And yet, here was Patagonia, sticking out like a sore-thumb amongst the other big-name retailers, and taking a stand. In retrospect, I shouldn’t have been surprised. "Buy Less, Demand More." engages with the ideas that are at the heart of the Patagonia mission. It’s about responsible consumption and ethical production. It’s about questioning the forces that leave us feeling compelled to consume, and asking critical questions about why those motivations exist, how products are manufactured, and if we really need to buy them.
Dressing for Work and Play
This year, I bought my winter gear with "Buy Less, Demand More." in mind One of the garments I purchased stands out to me as especially embodying the spirit of the campaign: a Women’s Capilene Midweight Crew. I originally bought my Capilene Midweight Crew base layer to wear at work. Alongside my job at PB, I volunteer with a local ambulance service, and I’ve found that dressing for EMS is tough. It’s warm inside the ambulance, but there’s always the possibility, depending on the calls we get, that I’ll need to spend long periods of time outside in the cold. I needed something that I could layer underneath my uniform and that would keep me warm when I was outside, but something that was breathable enough to comfortably wear at room temperature.
My Capilene Midweight Crew meets those expectations and beyond. On top of wearing it to work, it’s my favorite base layer to wear running. It can stand alone on some warmer winter days, and, paired with a Houdini Jacket, it keeps me going on colder days too. It’s breathable, dries fast, and keeps me at a comfortable temperature. This garment has quickly become one of my most prized possessions. I wear it multiple times a week, every week; it comes with me running, hiking, working, grocery shopping, and more.
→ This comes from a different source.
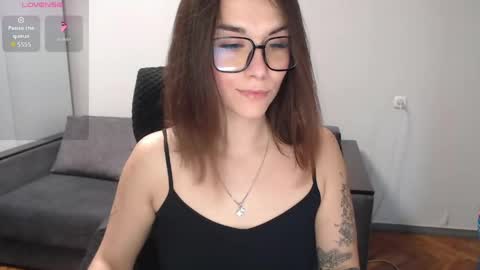 Snapshot of elina_posh chatting on 04.15.26 Liza online show from 04.15.26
It’s a staple piece that I feel I can demand a lot from, and it always rises to the challenge.
The Pressure to Buy
When I first moved to Vermont, I felt pressure to buy. Parts of this feeling were valid. The simple reality was that I didn’t have the right gear to dress comfortably in the Vermont climate. The not-so-simple parts of my motivation to buy stemmed from some societal expectation that I needed stuff and things, and that alongside my accumulation of stuff and things came forms of social capital. There are big bright signs advertising the latest, sexiest, and best parkas and boots every place I go.
Often the idea of buying new things feels inevitable; the world as we know it requires that we purchase things (be it shoes or healthcare or computers) in order to survive. Patagonia exists in the same marketplace as companies who are selling trends and fast-fashion, with important distinctions that set it apart. Campaigns like "Buy Less, Demand More." greatly contrast much of the mainstream advertisement, and create an incredibly beneficial space to explore the nuances of consumer culture and of the companies we patron.
While we may have no other option but to buy, we do (to varying degrees) have the agency to control what we buy and from whom. One day, when I’m forced to buy a new or different base layer, I hope to hold true to those basic principles of quality, ethics, and versatility that guide my behavior as a consumer. "Buy Less, Demand More." is a simple sentiment with resounding impact, and I think it has an important part to play in shifting the landscape of consumerism in America.